SUPPLIED MATERIAL:
* * *
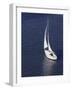 Sailing-null-Framed Photographic Print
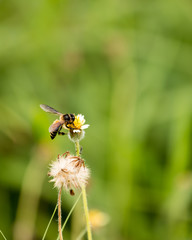 Bee cover on flower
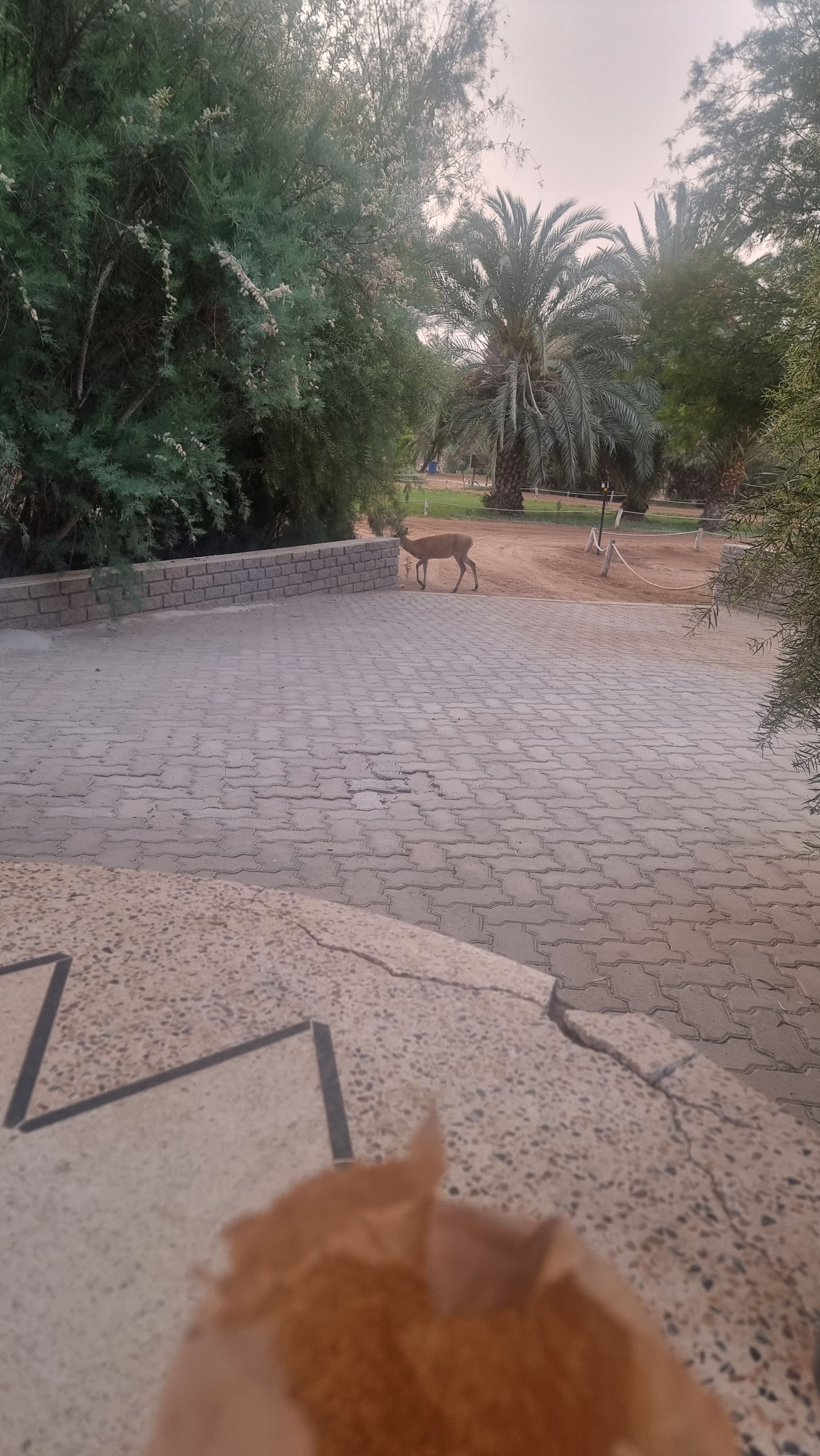 Click Image for next Picture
* * *
YOUR TASK: Print the full listing above exactly. Pictures stay out of the copy.

COMPLETED EXERCISE:
 Sailing-null-Framed Photographic Print
 Bee cover on flower
 Click Image for next Picture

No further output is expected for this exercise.